Since June 2012, when EU leaders handed euro-area oversight to the ECB as a way to break the bank-sovereign links that had exacerbated the debt crisis, EU officials have sought to portray public assistance as a last resort.

Creditor countries like Germany and the Netherlands have sought to make it harder for banks to gain access to public money, particular from cross-border backstops.

“The Netherlands and Germany are on the same line. Only under exceptional situations and under strict conditions,” should countries be able to ask the European Stability Mechanism for direct bank aid, Dutch Finance Minister Jeroen Dijsselbloem told lawmakers in The Hague last week.
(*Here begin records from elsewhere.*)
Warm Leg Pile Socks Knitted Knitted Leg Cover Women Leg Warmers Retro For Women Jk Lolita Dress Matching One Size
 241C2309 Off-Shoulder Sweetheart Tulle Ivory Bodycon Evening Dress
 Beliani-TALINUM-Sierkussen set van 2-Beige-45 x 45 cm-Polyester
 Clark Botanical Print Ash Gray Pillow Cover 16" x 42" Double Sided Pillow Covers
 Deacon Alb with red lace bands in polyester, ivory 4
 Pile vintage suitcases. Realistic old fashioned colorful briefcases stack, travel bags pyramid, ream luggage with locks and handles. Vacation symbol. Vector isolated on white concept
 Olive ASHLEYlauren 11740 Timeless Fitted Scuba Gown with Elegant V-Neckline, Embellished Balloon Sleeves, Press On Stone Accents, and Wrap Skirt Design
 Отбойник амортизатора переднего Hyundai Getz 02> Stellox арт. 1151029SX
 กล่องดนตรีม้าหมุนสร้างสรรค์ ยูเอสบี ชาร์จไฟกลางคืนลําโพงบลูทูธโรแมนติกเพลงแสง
He said the ECB’s balance-sheet reviews and stress tests would probably take most of 2014 to be completed. Luxembourg Finance Minister Luc Frieden said on Oct. 15 that the EU needs a resolution mechanism that is “as broad as possible” so the EU doesn’t harm its banking sector.

‘Two Kinds’

“We have to watch out not to create two kinds of securities, two kinds of banks,” Frieden told reporters in Luxembourg. He called for more discussion of how to step in when a bank requires restructuring. “The question is about what happens when a bank resolution is needed, whether national or European, and we’re pleading for a more European solution,” Frieden said.

Draghi’s July letter warned that the EU’s efforts to strengthen its banks could have the opposite effect without clearer access to public funds. Banks deemed healthy enough to survive should try to raise capital from financial markets, and they also should have avenues to tap public funds if they can’t raise private capital quickly, he said.

Requiring junior bondholders to take losses, “as seems to be implied by the revised state aid guidelines, could negatively impact the subordinated debt market, which would in the future be wary of a ‘non-resolution’ probability of conversion,” Draghi said.

An ECB spokesman confirmed Draghi’s letter, saying the central-bank president sought to address how the EU would handle cases where bank reviews found that a lender is solvent and also in need of additional capital.

Martin Kotthaus, Schaeuble’s spokesman, declined to comment yesterday. A spokesperson for Dijsselbloem did not have an immediate comment yesterday.